The rand hit a session low of 10.1700 per dollar, its lowest since Sept. 6. By 1430 GMT, it was trading at 10.0970, 1.02 percent softer than its 9.9950 New York close on Thursday.
Resolution of a multi-week strike by petrol station workers failed to soothe the currency as members of the Association of Mineworkers and Construction Union (AMCU) laid down their tools in protest against planned job cuts in the platinum mines.
South Africa has endured protracted labour unrest in several key sectors for the last few months, hurting Africa's largest economy and keeping the rand on the back foot.

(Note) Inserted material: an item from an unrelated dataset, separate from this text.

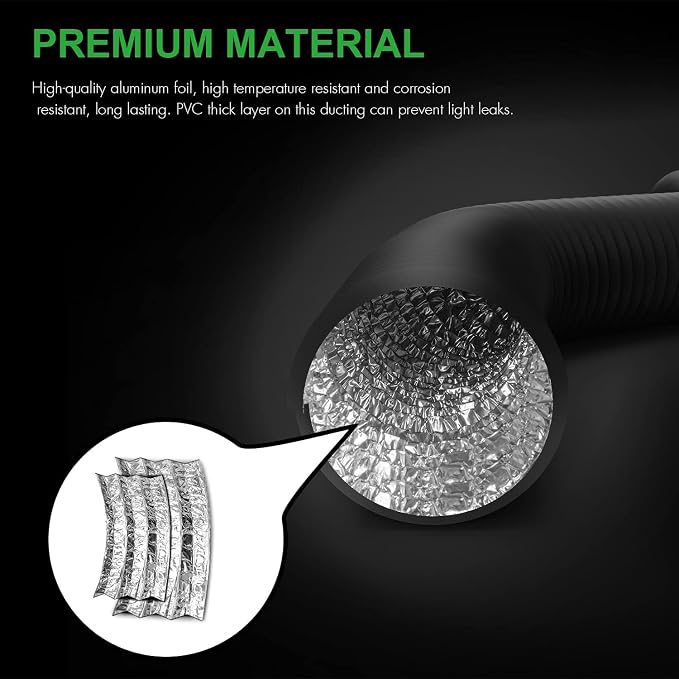 iPower Grow Tent Ventilation System 4 Inch Inline Duct Ventilation Fan 195 CFM - Image 5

Dealers were also wary of hanging on to high-yielding but riskier currencies such as the rand going into the weekend without agreement in the US congress over a new debt ceiling, which could affect the recovery of the world's largest economy.

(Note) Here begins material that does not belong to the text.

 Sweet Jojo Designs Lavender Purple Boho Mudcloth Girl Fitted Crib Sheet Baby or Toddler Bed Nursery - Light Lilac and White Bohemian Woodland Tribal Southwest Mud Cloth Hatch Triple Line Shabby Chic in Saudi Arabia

Government bonds weakened, with the yields on the 2026 market benchmark rising 8 basis points to 7.995 percent and the 2015 paper up 11 basis points to 6.11 percent.
"Normally we see quite a strong tie of local bond yields to the US bond market but that's broken down somewhat today with Treasury yields holding their low levels while local bond yields have risen," said Sean McCalgan, a market analyst at ETM.
"The rand has definitely encouraged some end-of-the-week profit taking on bonds."
South Africa sold a combined 800 million rand ($78 million) of its 2025, 2028 and 2046 inflation-linked bonds at a weekly Friday auction.